# Exercise input
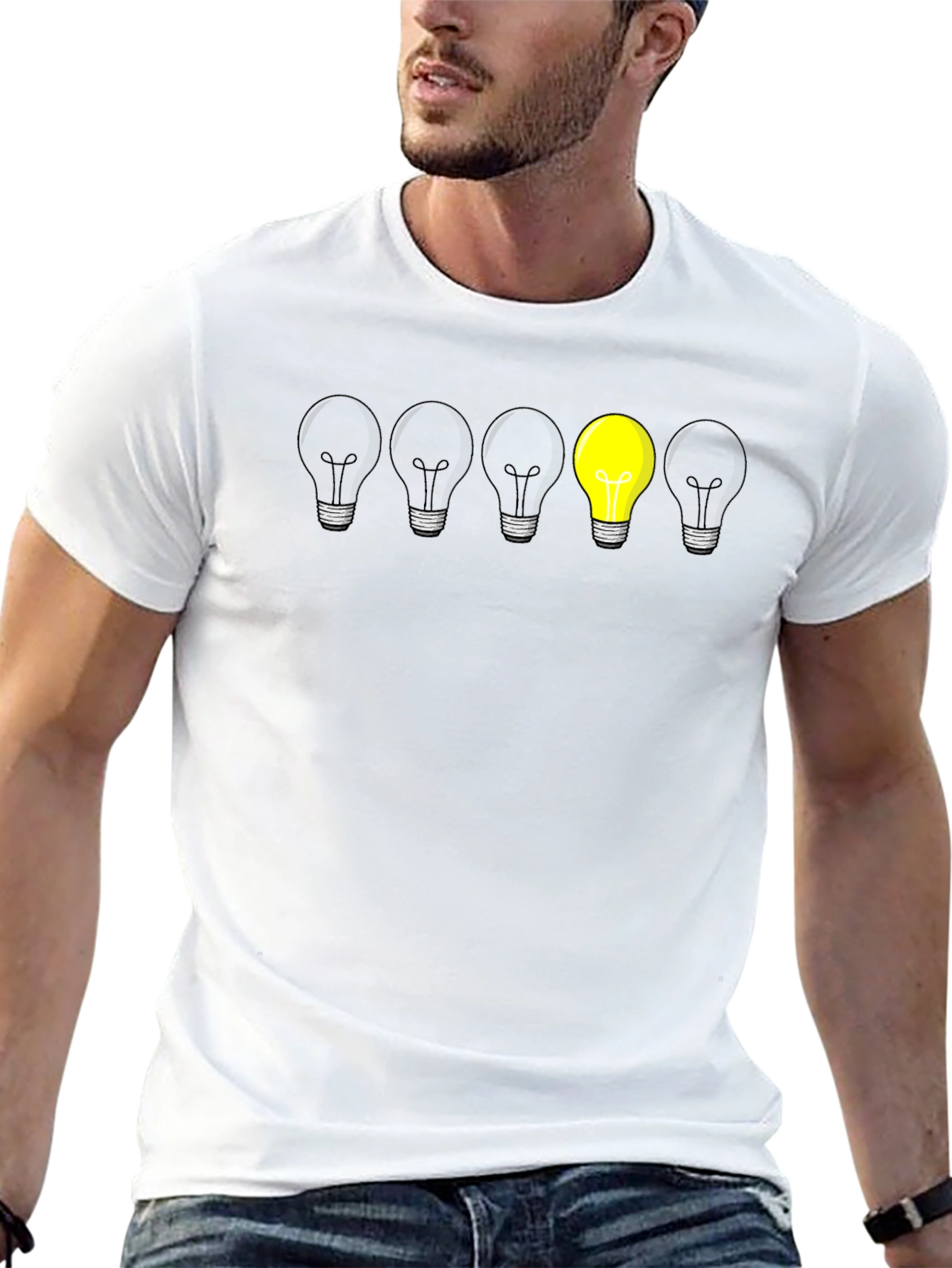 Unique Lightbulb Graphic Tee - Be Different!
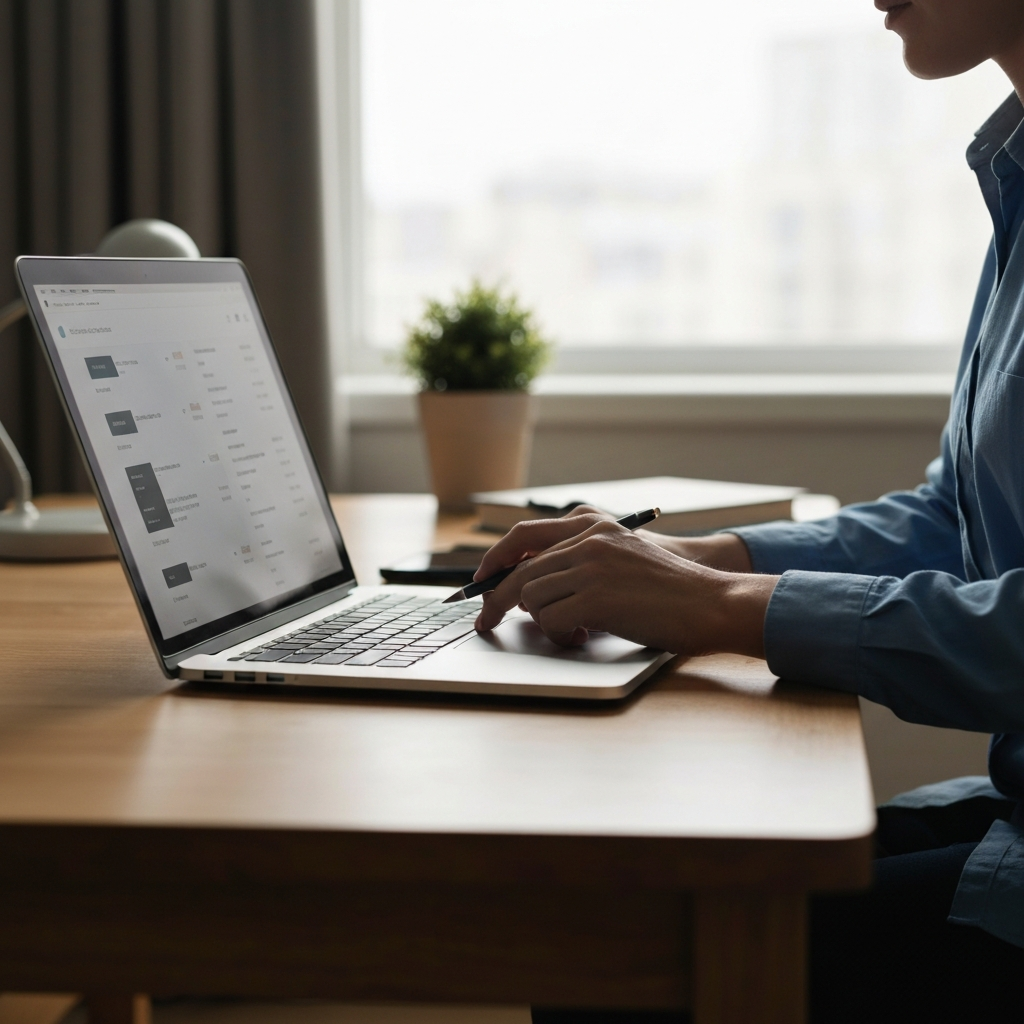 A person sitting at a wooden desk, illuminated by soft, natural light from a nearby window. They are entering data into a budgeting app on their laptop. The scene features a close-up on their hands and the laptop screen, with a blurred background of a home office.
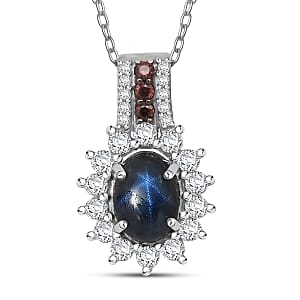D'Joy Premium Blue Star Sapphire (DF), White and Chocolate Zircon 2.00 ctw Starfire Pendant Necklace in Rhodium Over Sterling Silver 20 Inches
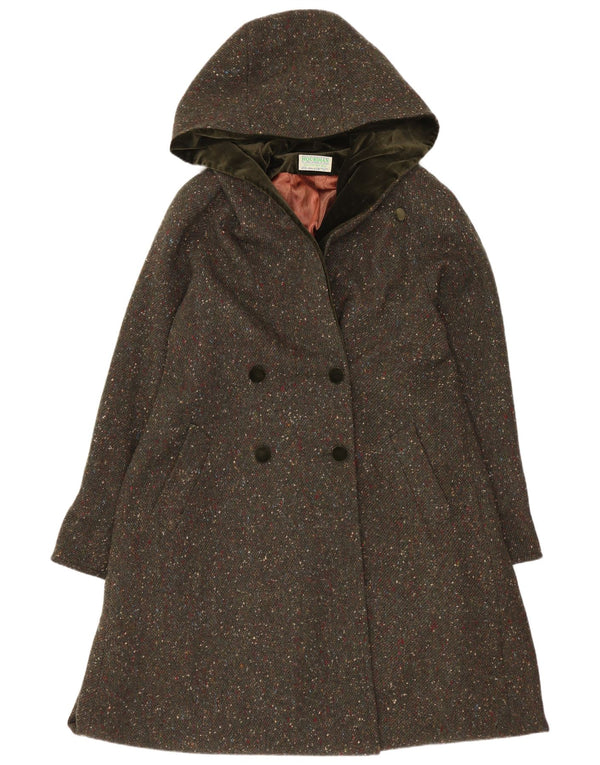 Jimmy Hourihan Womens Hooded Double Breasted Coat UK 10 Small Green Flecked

==

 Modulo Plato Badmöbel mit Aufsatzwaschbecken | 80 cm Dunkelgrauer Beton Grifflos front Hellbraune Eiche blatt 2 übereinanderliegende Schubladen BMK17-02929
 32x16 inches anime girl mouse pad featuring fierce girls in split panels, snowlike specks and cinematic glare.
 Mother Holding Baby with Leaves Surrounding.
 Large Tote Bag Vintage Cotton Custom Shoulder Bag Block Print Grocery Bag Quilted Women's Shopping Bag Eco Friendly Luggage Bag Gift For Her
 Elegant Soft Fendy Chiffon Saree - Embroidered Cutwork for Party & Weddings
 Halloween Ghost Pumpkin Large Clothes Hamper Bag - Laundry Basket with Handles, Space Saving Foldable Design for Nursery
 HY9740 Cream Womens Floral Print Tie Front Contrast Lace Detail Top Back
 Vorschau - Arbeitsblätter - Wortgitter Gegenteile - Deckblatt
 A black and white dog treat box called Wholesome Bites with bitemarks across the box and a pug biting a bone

* * *

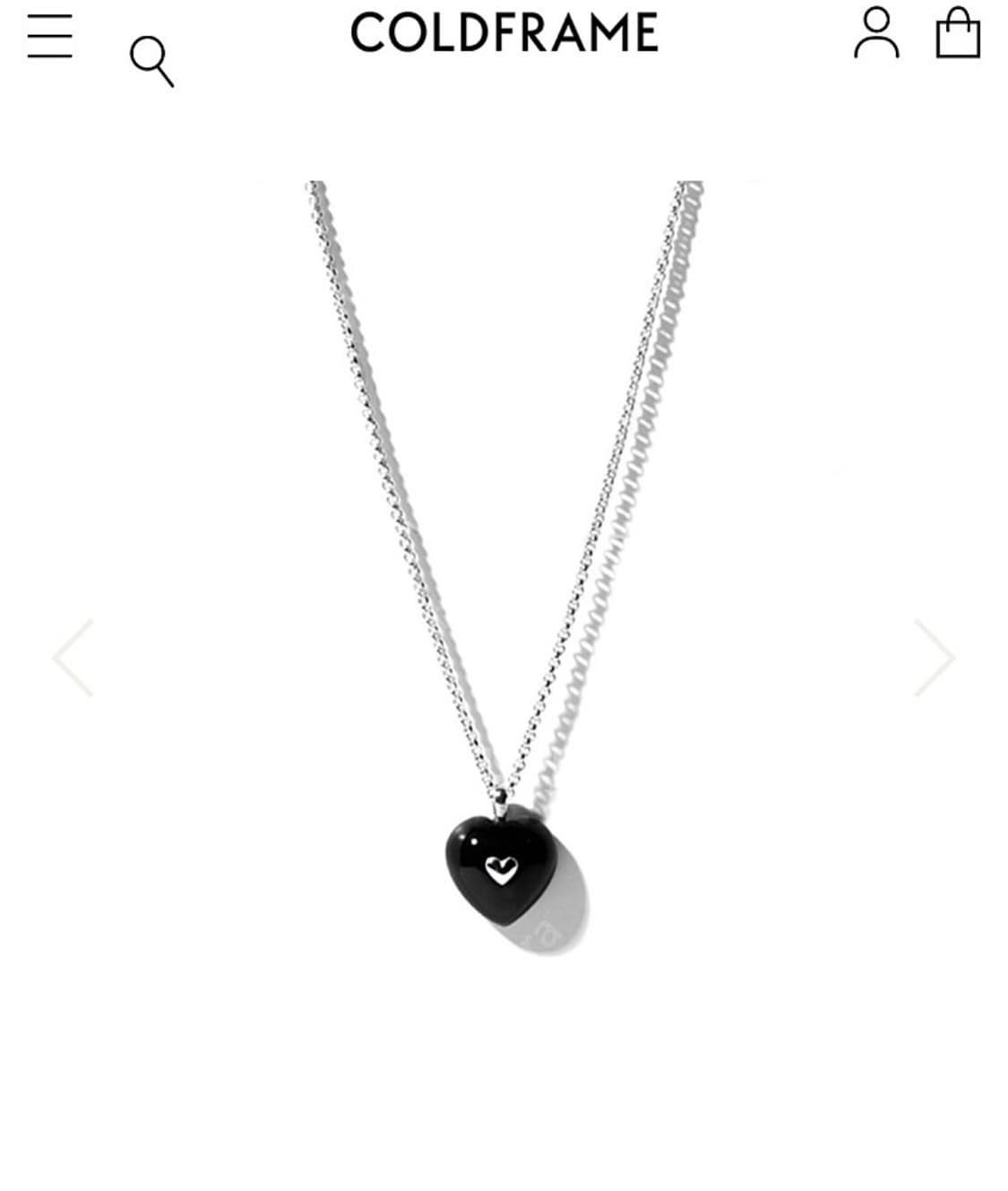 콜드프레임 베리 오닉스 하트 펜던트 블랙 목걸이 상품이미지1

# Exercise requirements
Find how many lines of the listing hold "Print" and give the number by itself.

# Task answer
2